• [Aim of the task]: Every line of the material needs an exact copy, apart from the images.

• [Recorded information]:
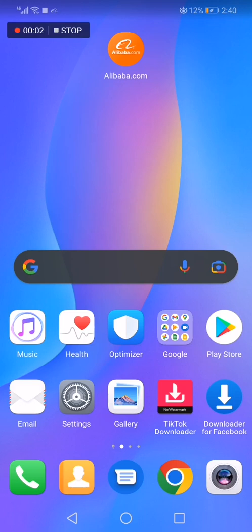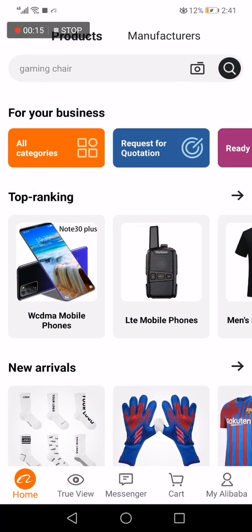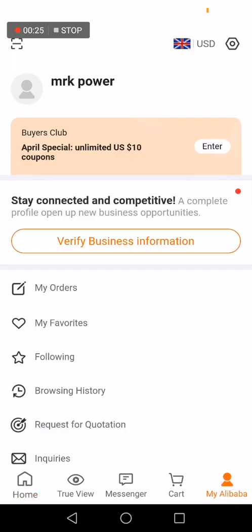How to change your currency on Alibaba.com app. Hello guys, in today's video I'm going to show you how to change your currency on the Alibaba app, easy and fast. All you have to do is go to the app — this is the home page. To change the currency, go down and click on My Alibaba.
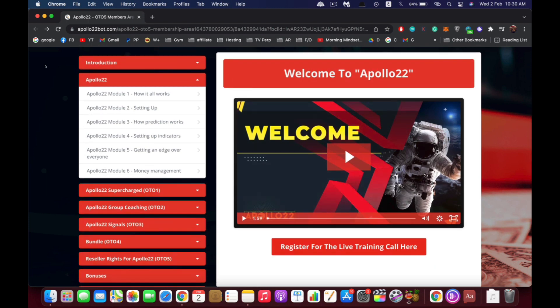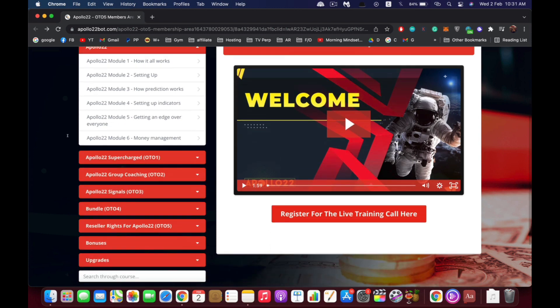Just using Apollo 22 will give you the results I promise you, but purchasing any of these audios will enhance your results. It's not necessary to make Apollo 22 work.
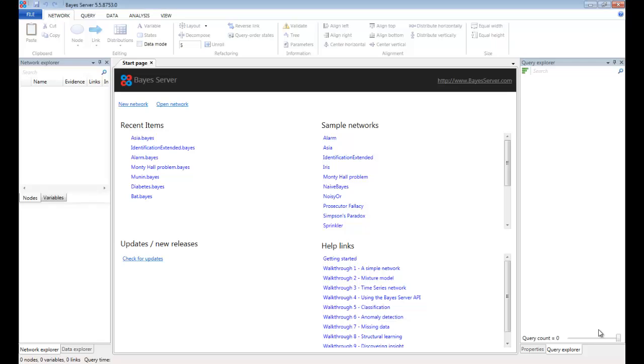In this video we will look at how you can make predictions from both the BayesServer client and the BayesServer API. In order to make predictions you will need to have previously trained a network with BayesServer, either from data or expert opinion, or possibly both.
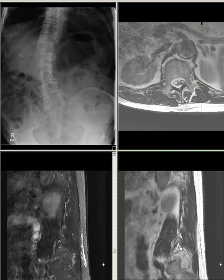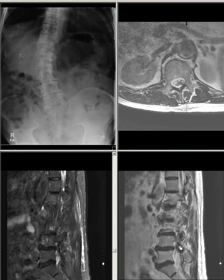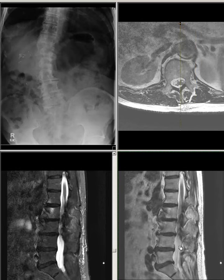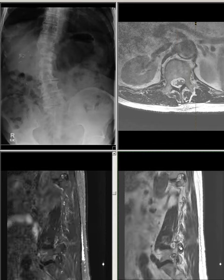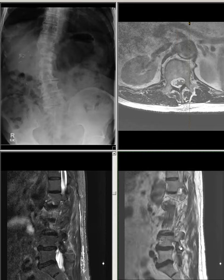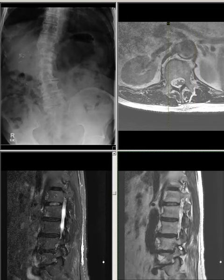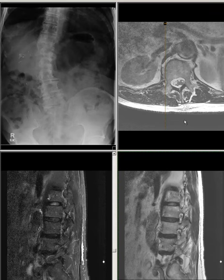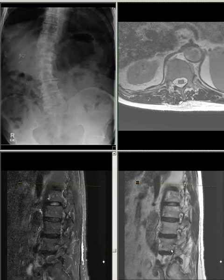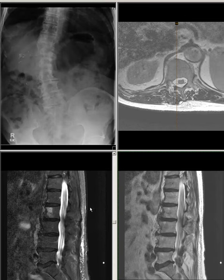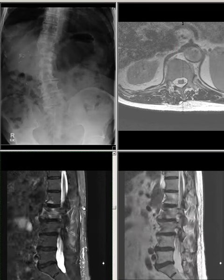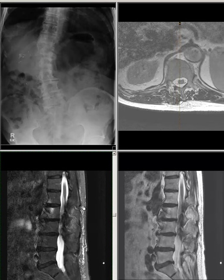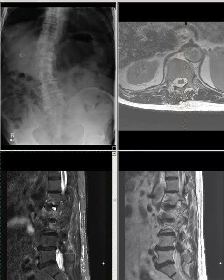Clinical correlation with possible radiculopathy is recommended. Fluoroscopic-guided nerve injection may offer diagnostic and therapeutic value. Subtle Modic type 1 endplate changes suggestive of subtle segmental instability at L1-L2 level on the left side.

• [Solution for this exercise]:
How to change your currency on Alibaba.com app. Hello guys, in today's video I'm going to show you how to change your currency on the Alibaba app, easy and fast. All you have to do is go to the app — this is the home page. To change the currency, go down and click on My Alibaba.
Just using Apollo 22 will give you the results I promise you, but purchasing any of these audios will enhance your results. It's not necessary to make Apollo 22 work.
In this video we will look at how you can make predictions from both the BayesServer client and the BayesServer API. In order to make predictions you will need to have previously trained a network with BayesServer, either from data or expert opinion, or possibly both.
Clinical correlation with possible radiculopathy is recommended. Fluoroscopic-guided nerve injection may offer diagnostic and therapeutic value. Subtle Modic type 1 endplate changes suggestive of subtle segmental instability at L1-L2 level on the left side.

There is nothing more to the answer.